(Beginning of Given records)

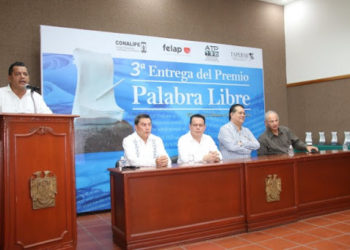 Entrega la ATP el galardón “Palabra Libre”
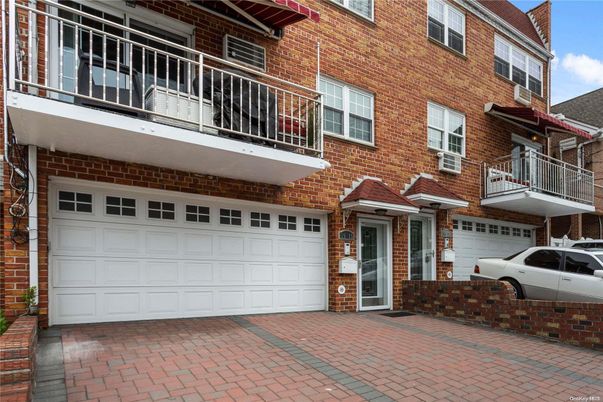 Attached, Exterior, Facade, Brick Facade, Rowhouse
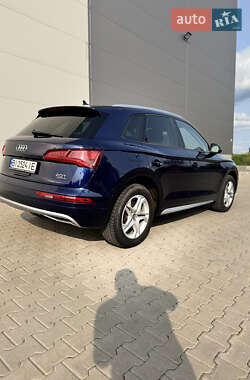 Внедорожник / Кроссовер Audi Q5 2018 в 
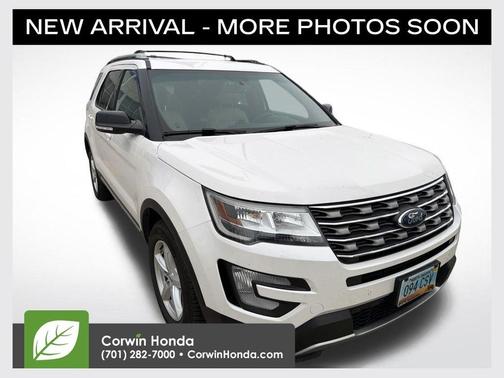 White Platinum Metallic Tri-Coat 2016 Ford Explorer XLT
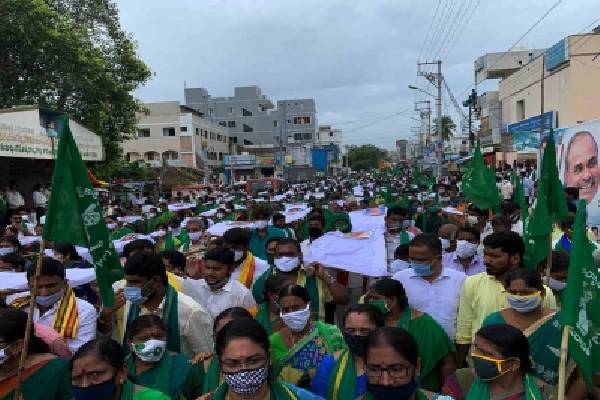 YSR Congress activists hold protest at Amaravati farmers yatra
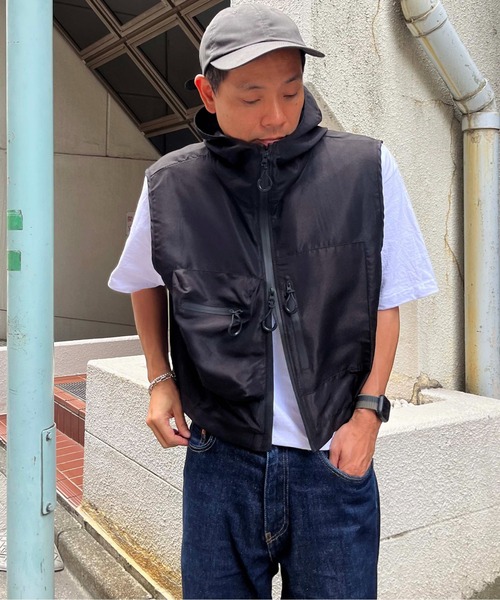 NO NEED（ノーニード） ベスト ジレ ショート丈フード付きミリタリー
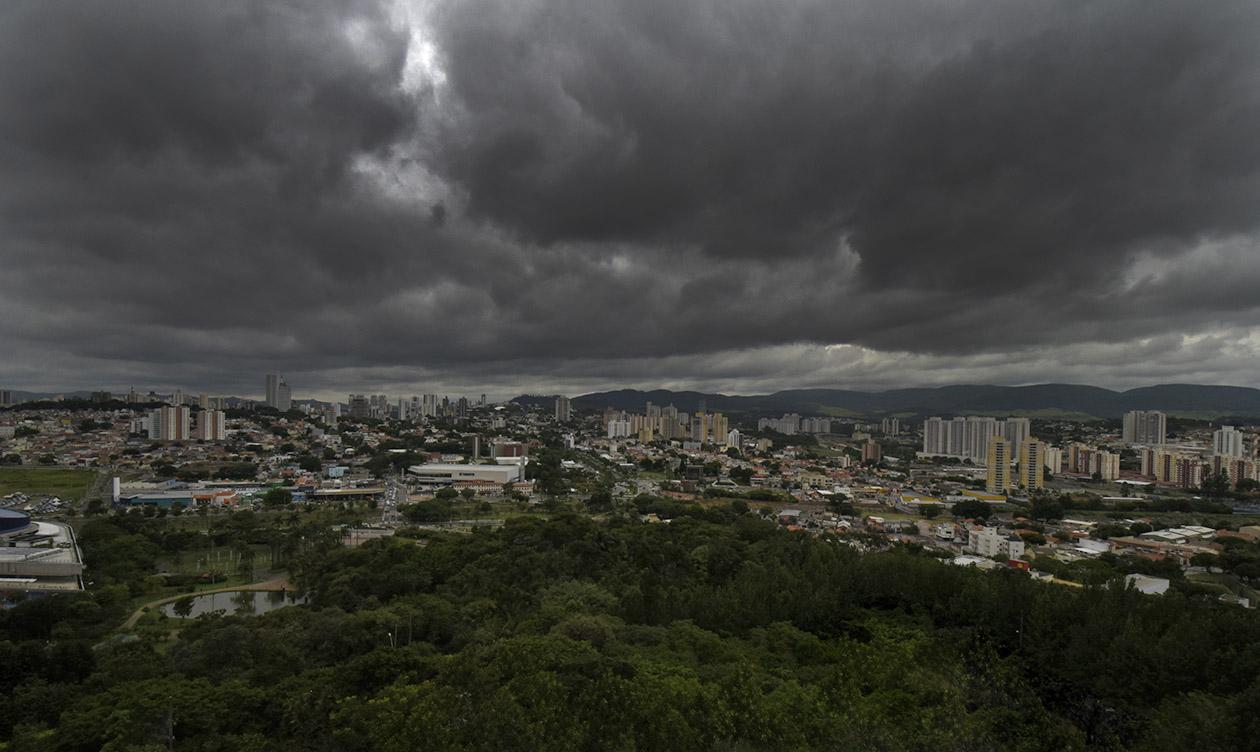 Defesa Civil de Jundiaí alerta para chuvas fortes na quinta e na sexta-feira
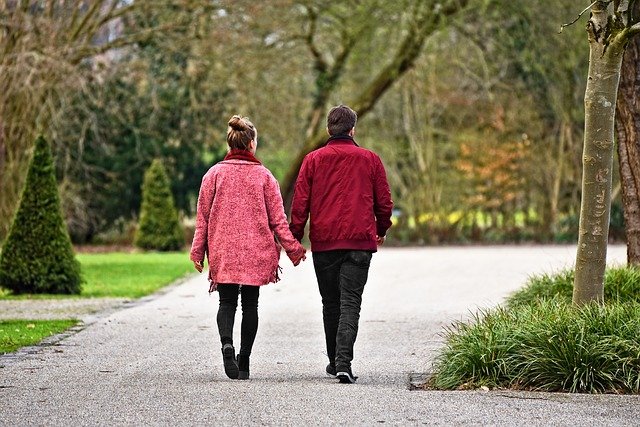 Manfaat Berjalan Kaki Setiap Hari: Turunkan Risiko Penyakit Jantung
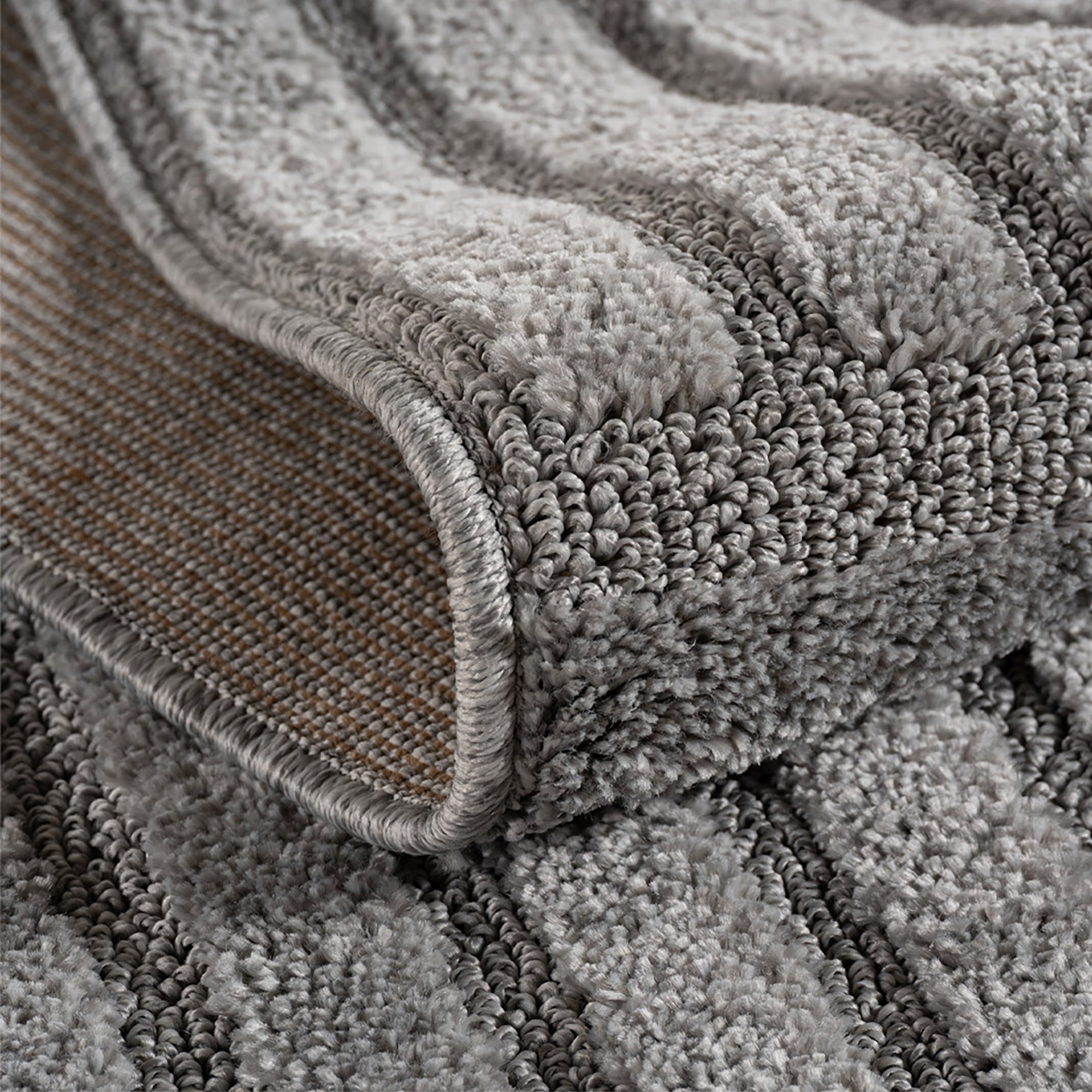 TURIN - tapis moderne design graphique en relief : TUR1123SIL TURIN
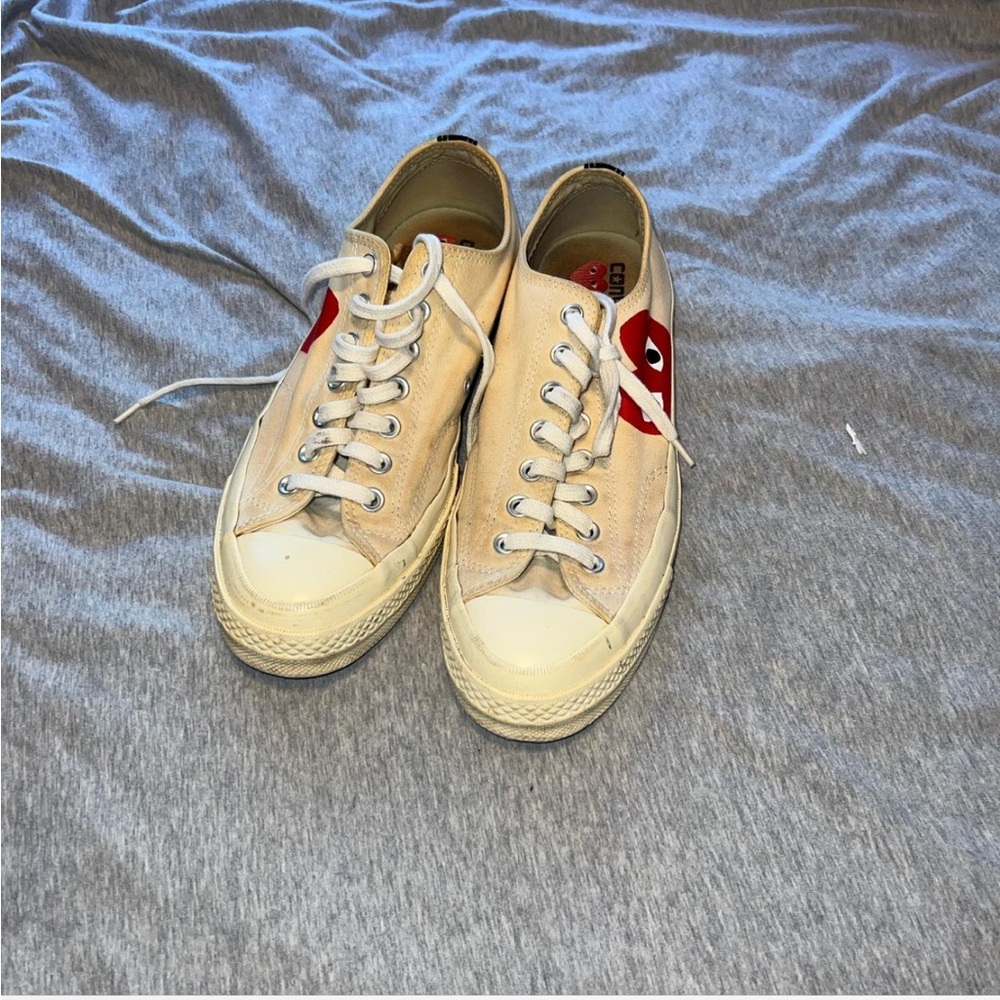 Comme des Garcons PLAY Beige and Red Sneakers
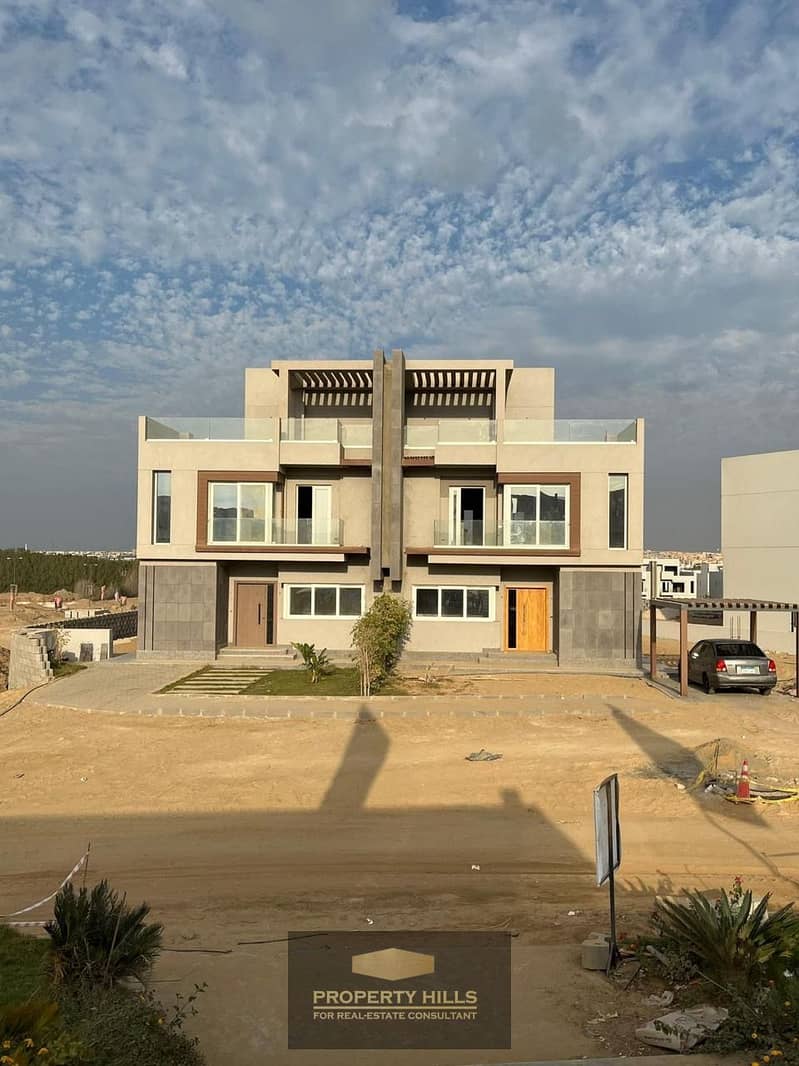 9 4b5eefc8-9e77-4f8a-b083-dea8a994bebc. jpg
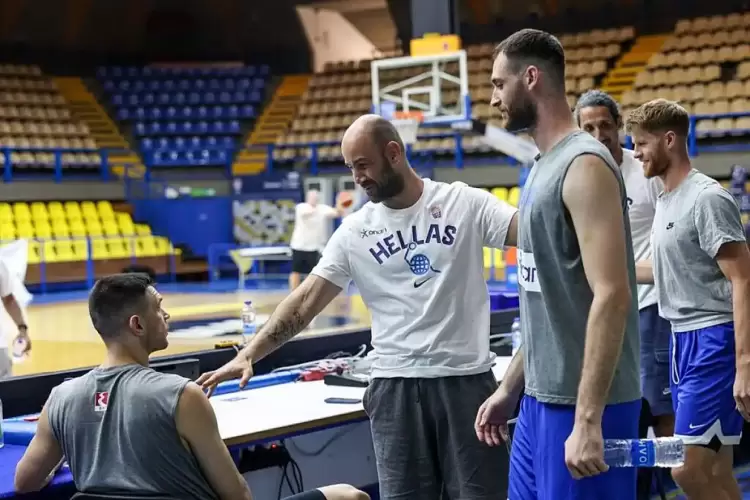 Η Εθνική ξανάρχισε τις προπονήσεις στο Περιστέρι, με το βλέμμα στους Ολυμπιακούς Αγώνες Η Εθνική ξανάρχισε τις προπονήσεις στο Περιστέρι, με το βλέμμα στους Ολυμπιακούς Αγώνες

(End of Given records)

## Goal of the exercise
Leaving the images out, return every record exactly.

## Response box
 Entrega la ATP el galardón “Palabra Libre”
 Attached, Exterior, Facade, Brick Facade, Rowhouse
 Внедорожник / Кроссовер Audi Q5 2018 в 
 White Platinum Metallic Tri-Coat 2016 Ford Explorer XLT
 YSR Congress activists hold protest at Amaravati farmers yatra
 NO NEED（ノーニード） ベスト ジレ ショート丈フード付きミリタリー
 Defesa Civil de Jundiaí alerta para chuvas fortes na quinta e na sexta-feira
 Manfaat Berjalan Kaki Setiap Hari: Turunkan Risiko Penyakit Jantung
 TURIN - tapis moderne design graphique en relief : TUR1123SIL TURIN
 Comme des Garcons PLAY Beige and Red Sneakers
 9 4b5eefc8-9e77-4f8a-b083-dea8a994bebc. jpg
 Η Εθνική ξανάρχισε τις προπονήσεις στο Περιστέρι, με το βλέμμα στους Ολυμπιακούς Αγώνες Η Εθνική ξανάρχισε τις προπονήσεις στο Περιστέρι, με το βλέμμα στους Ολυμπιακούς Αγώνες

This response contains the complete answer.